Nessie’s production commit kernel is optimized to provide high commit throughput against a distributed key value store that provides record-level ACID guarantees. Today, this kernel is built on top of DynamoDB. The commit kernel is the heart of Nessie’s oeprations and enables it to provide lightweight creation of new tags and branches, merges, rebases all with a very high concurrent commit rate.
Nessie’s commit kernel works with two tables: the refs table and the objects table.
- Refs Table
- The refs table will have objects equal to the current number of active tags and branches. This will generally be small (10s-1000s). All commits run through this table and thus the writes and reads of this table should be provisioned based on the amount of read and write operations expected per second. Since the dataset is small, sharding will be unlikely to happen on this table. Scans are regularly done on this table.
- Objects Table
- The objects table stores data structures associated with commits and will be a small multiple of the number of objects and version tracked in Nessie. Assume approximately
4(write multiplier) to get a rough sense of the number of 4kb objects that Nessie will be storing in the objects table. Scans are not done on this table except in the case of rare Garbage Collection operations.
Space Consumption: The data stored in DynamoDB is designed to largely fit within DynamoDBs 4kb read size unit (and 4x the write size unit). This true for objects in both the refs table and the objects table.
At a high level, Nessie’s commit kernel breaks keyspace into a 3 level tree and each operation restates some portion of that tree.

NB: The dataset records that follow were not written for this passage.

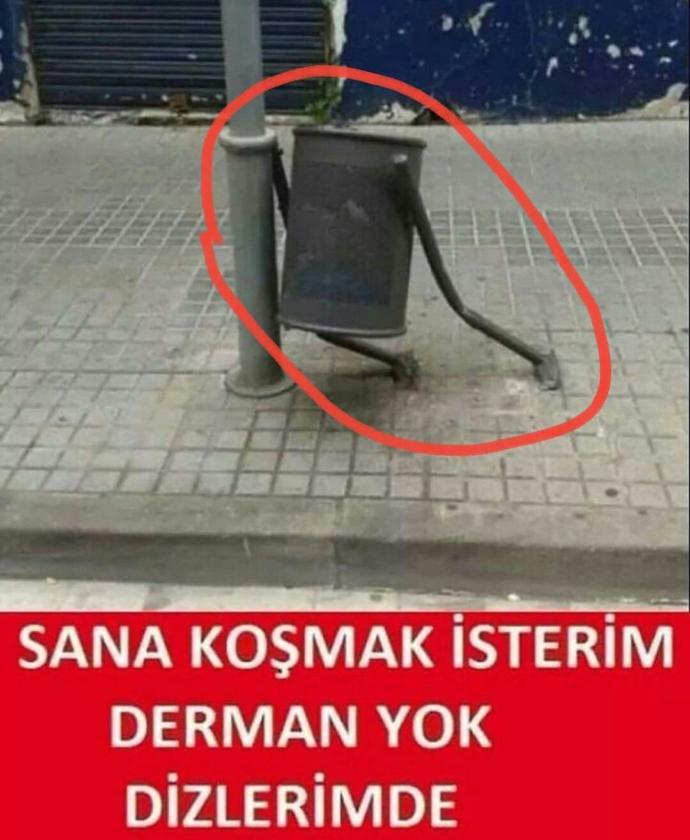 Fotoğraflarda hangi profilden harika görünüyorsunuz? Ön, arka, sağ, sol, her profil 🤳 ?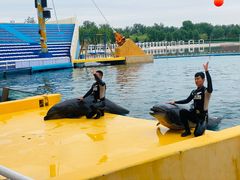 -秦皇岛乐岛海洋王国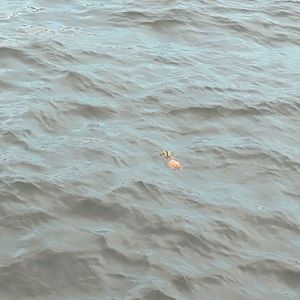 落点（Prod.Gr33nart Beats）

Each level of the tree is identified by sha256 20 byte hash value, which is used to as a storage key in DynamoDB. Commit operations are atomic and interact with branch objects using a data structure akin to a 151-way striped locked. This data structure is updated using patch conditional operations against DynamoDB. To maintain linear history, the branch object also maintains a commit log that works with the striped lock to make history clear and consistent.
The design target for the Nessie commit kernel was to support 100,000 tables with each table mutating every 5 minutes. This equates to ~300 operations/second. Tests have shown the Nessie commit kernel on DynamoDB to be able to exceed that by a large margin. We will publish a more comprehensive benchmark soon.